** Opening DATA LISTING block **

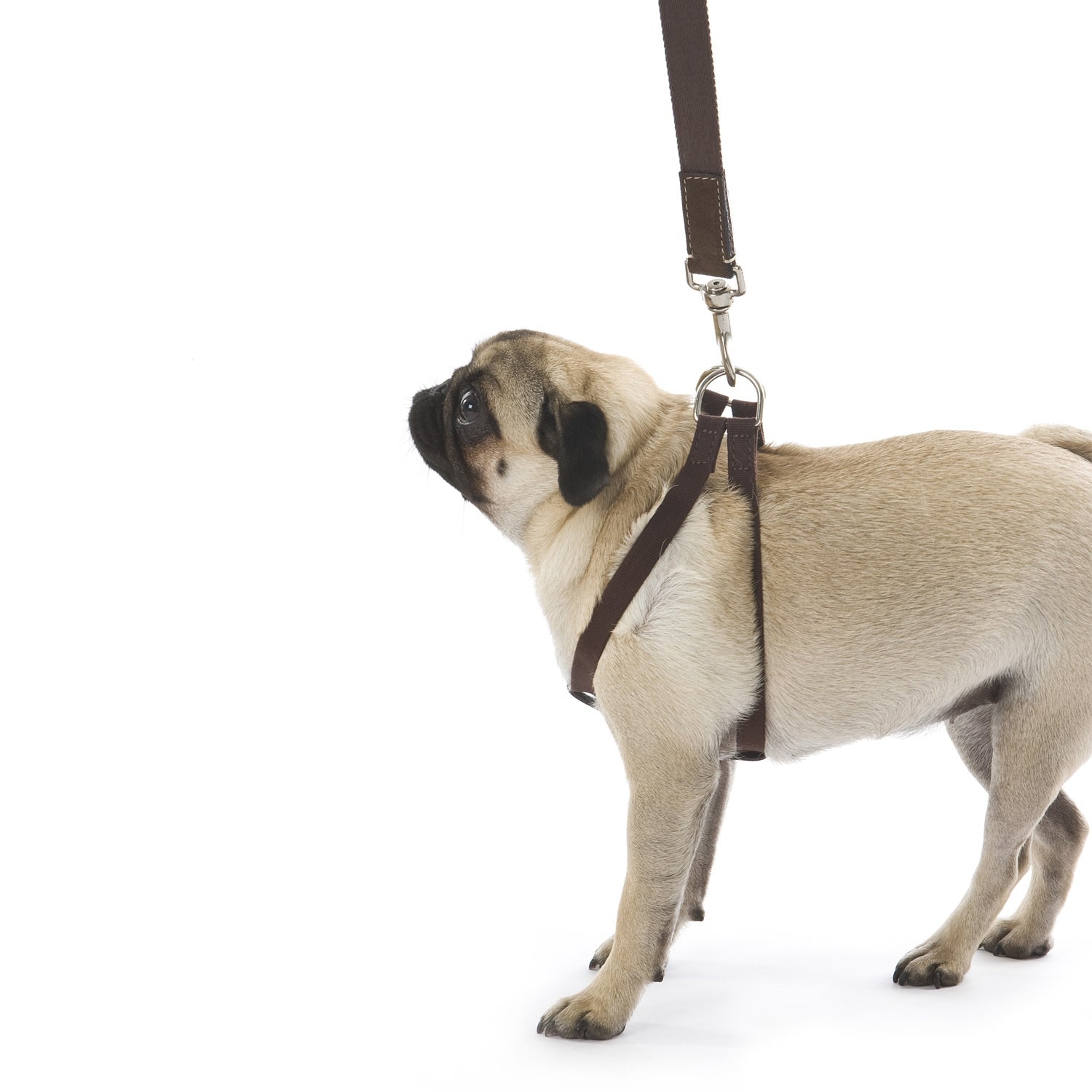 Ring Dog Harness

** Closing DATA LISTING block **
** Opening DATA LISTING block **

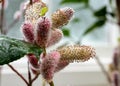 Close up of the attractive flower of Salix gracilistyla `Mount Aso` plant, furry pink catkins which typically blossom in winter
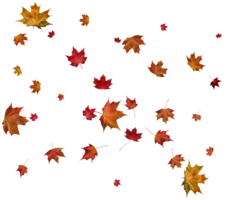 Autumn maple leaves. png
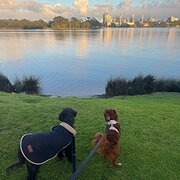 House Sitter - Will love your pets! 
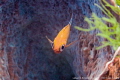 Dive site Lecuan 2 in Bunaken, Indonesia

** Closing DATA LISTING block **

PROBLEM STATEMENT
Take the material above from the line bearing "House Sitter - Will love your pets!" through the line bearing "Dive site Lecuan 2 in Bunaken, Indonesia" and write it out exactly, both end lines included. Pictures stay out.

RESPONSE FOR THIS EXERCISE
 House Sitter - Will love your pets! 
 Dive site Lecuan 2 in Bunaken, Indonesia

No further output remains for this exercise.